In this study, we profiled 63 cases of DLBCL from northern China to compare with what has been reported in the literature for DLBCL in the United States or other Western countries. In each case, we assessed the cytologic features and used the Hans et al (10) IHC system to classify these cases into GCB and non-GCB types. We also assessed a number of other IHC markers and used fluorescence in situ hybridization (FISH) to assess BCL6, BCL2, and MYC rearrangements. To our knowledge, this is one of the largest studies on DLBCL from China.

MATERIALS AND METHODS

Case Selection

The study was conducted according to an institutional review board-approved laboratory protocol and followed the provisions of the Helsinki accord. The files of the Department of Pathology, the First Hospital of Peking University (Beijing, China) from January 2000 through December 2005 were searched for cases of DLBCL. Seventy-two cases were identified. The diagnosis of DLBCL was based on histologic and immunophenotypic findings using the criteria of the World Health Organization classification. (1) Cases with insufficient paraffin-embedded blocks were excluded, leaving a study group of 63 cases. Clinical information was obtained by review of the hospital-based medical records. Hematoxylin-eosin-stained slides, routinely prepared from formalin-fixed, paraffin-embedded tissue sections, were reviewed.

Tissue Microarray

To construct tissue microarrays, 4 representative 0.6-mm cores of each tumor were selected from the formalin-fixed, paraffin-embedded tissue blocks and were relocated using a tissue arrayer (Beecher Instruments, Silver Spring, Maryland). Tissue sections of 5 mm thickness were then cut from the arrays using a standard microtome for immunohistochemistry and FISH.
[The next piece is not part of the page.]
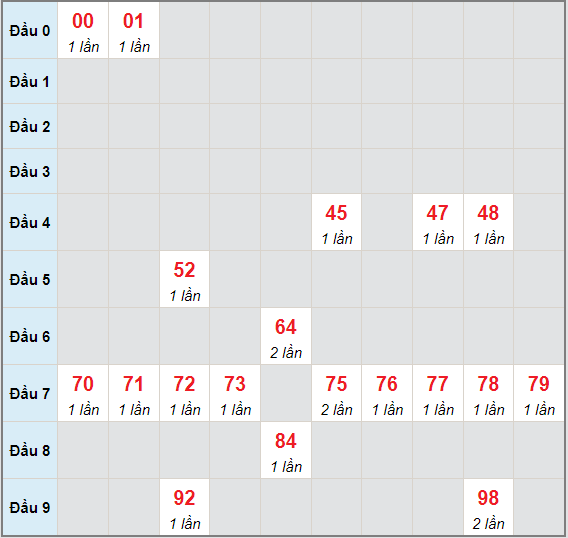 Bạch thủ rơi 3 ngày lô XSDLK 15/6/2021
Immunohistochemical Analysis

Immunohistochemical analysis was performed using formalin-fixed, paraffin-embedded tissue sections, an avidin-biotinperoxidase complex method, and an automated immunostainer (Ventana-Biotech, Tucson, Arizona) as described previously. (17) All tissue sections underwent heat-induced antigen retrieval. The antibodies were specific for CD5 (Labvision/Neomarker, Montreal, Quebec, Canada), CD10 (Novocastra/Vision Biosystem, Benton Lane, Newcastle upon Tyne, United Kingdom), CD20 (Dako, Carpinteria, California), CD30 (Dako), CD138 (Serotec, Raleigh, North Carolina), PAX5 (Transduction Labs, San Diego, California), BCL2 (Novocastra/Vision Biosystem), BCL6 (Dako), MUM1 (Santa Cruz Biotechnology, Santa Cruz, California), ALK (Dako), MIB-1 (Ki-67, Dako), p53 (Dako), and p63 (clone 4A4, Santa Cruz Biotechnology). Clone 4A4 recognizes both the transactivating and truncated p63 isoforms.
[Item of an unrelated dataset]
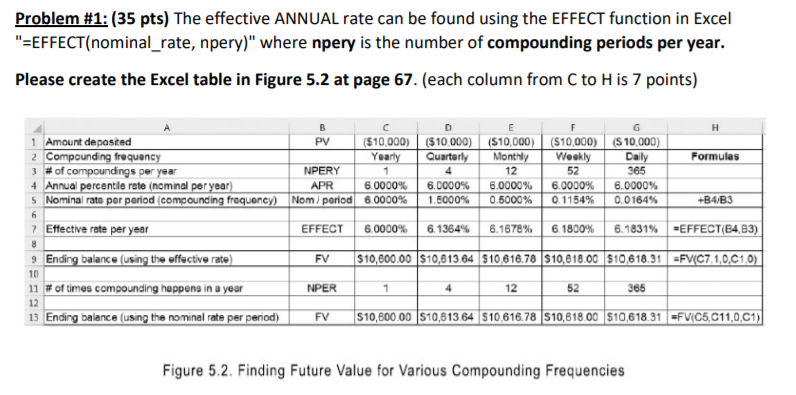 Problem #1: (35 pts) The effective ANNUAL rate can be found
The IHC results for CD10, BCL2, BCL6 and MUM1 were designated as positive or negative according to the criteria defined by Hans et al, (10) with a cutoff level of 30%. Results of IHC studies for other antibodies were semiquantitatively scored as negative (-, <5% cells positive), weakly positive ([1.sup.+], 5% to <25% cells positive), moderately positive ([2.sup.+], 25%275% cells positive), or strongly positive ([3.sup.+], >75%-100% cells positive). The percentage of [Ki-67.sup.+] cells was estimated to the nearest 10% (ie, 10%, 20%, 30%, etc). Only nuclear staining was regarded as positive for Ki-67, PAX5, BCL2, p53, and p63. For all cases, both hematoxylin-eosin-stained and immunohistochemical slides were reviewed independently by 2 pathologists. Discordant interpretations were resolved by review at a multiheaded microscope.
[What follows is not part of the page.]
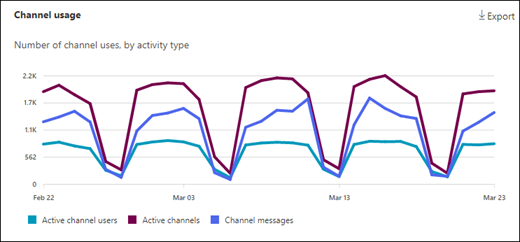 Teams usage activity report - channel usage.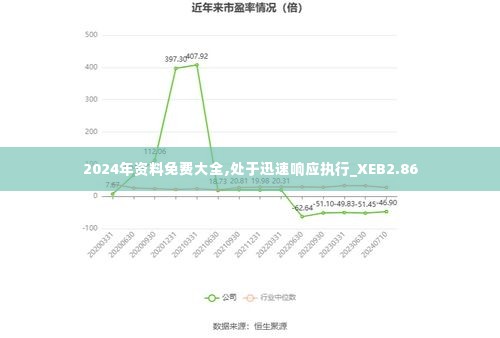 2024年资料免费大全,处于迅速响应执行_XEB2.86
Using the algorithm of Hans et al, (10) cases were designated as GCB if CD10 was positive, or as non-GCB if both CD10 and BCL6 were negative. If CD10 was negative and BCL6 was positive, the expression of MUM1 determined the subclassification: if MUM1 was negative, the case was assigned to the GCB subgroup; if MUM1 was positive, the case was assigned to the non-GCB subgroup.

In Situ Hybridization

In situ hybridization analysis for Epstein-Barr virus-encoded small RNA (EBER) was performed using formalin-fixed, paraffin-embedded tissue sections, a fluorescein-labeled peptide nucleic acid probe, and the Novocastra in situ hybridization kit (NCL-EBV-K) according to the manufacturer's instructions, with the appropriate positive and negative control samples.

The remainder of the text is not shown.